Find all the lines in the entries below that hold the word "Kids" and copy them.

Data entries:
☆ ☆ ☆

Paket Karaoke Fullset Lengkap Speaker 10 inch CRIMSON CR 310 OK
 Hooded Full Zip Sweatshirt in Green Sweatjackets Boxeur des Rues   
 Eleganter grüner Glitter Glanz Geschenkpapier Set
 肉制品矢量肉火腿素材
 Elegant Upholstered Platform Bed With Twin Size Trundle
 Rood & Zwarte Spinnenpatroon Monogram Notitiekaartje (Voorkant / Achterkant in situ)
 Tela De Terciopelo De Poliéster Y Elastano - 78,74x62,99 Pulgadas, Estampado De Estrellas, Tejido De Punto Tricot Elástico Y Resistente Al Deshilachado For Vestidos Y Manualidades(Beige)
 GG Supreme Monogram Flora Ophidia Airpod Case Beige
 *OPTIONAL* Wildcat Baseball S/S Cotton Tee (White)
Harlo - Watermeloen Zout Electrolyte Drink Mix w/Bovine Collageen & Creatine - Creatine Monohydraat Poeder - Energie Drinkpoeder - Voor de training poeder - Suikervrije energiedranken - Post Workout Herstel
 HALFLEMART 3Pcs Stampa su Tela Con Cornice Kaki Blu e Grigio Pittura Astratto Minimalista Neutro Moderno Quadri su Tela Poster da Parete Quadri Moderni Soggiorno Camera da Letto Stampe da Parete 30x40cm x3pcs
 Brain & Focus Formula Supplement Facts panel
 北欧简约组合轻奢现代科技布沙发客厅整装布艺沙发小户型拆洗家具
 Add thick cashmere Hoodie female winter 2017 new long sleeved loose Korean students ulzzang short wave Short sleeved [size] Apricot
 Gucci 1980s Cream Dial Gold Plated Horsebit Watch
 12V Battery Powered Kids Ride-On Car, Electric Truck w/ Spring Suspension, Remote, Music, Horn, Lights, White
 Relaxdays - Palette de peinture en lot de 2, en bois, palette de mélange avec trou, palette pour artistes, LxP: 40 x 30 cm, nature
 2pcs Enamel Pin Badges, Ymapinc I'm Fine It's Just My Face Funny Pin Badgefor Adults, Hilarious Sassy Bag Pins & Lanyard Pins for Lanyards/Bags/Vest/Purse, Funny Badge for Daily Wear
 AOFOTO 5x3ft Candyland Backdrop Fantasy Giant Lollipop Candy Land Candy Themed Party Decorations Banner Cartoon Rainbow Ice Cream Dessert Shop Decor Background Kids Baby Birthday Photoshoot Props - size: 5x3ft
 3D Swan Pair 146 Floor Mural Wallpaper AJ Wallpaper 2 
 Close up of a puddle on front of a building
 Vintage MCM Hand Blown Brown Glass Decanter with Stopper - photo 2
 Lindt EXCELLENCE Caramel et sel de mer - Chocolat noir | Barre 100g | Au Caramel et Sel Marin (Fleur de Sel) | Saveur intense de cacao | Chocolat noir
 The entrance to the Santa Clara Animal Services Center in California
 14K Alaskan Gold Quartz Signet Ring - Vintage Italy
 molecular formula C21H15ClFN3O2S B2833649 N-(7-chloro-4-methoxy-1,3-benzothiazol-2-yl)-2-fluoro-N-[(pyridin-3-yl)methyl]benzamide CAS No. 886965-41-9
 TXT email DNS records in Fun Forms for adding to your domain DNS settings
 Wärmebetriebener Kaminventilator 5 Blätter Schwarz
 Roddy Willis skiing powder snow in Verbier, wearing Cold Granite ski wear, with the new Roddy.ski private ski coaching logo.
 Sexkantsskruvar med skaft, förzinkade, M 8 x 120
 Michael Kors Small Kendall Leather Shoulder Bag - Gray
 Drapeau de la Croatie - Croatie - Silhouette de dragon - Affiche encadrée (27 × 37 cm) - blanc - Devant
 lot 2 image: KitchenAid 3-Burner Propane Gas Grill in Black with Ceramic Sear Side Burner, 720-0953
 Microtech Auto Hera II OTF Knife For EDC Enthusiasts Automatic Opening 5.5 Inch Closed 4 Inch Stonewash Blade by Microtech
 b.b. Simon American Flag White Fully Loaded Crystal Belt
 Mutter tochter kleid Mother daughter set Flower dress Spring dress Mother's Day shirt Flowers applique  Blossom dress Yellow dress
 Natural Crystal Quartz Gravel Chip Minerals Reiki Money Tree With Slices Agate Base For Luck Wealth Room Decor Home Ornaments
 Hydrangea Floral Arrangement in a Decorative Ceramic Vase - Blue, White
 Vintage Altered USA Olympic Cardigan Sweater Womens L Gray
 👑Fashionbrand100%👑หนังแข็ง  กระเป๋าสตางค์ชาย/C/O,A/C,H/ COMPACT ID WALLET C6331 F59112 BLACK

☆ ☆ ☆

Worked solution:
 12V Battery Powered Kids Ride-On Car, Electric Truck w/ Spring Suspension, Remote, Music, Horn, Lights, White
 AOFOTO 5x3ft Candyland Backdrop Fantasy Giant Lollipop Candy Land Candy Themed Party Decorations Banner Cartoon Rainbow Ice Cream Dessert Shop Decor Background Kids Baby Birthday Photoshoot Props - size: 5x3ft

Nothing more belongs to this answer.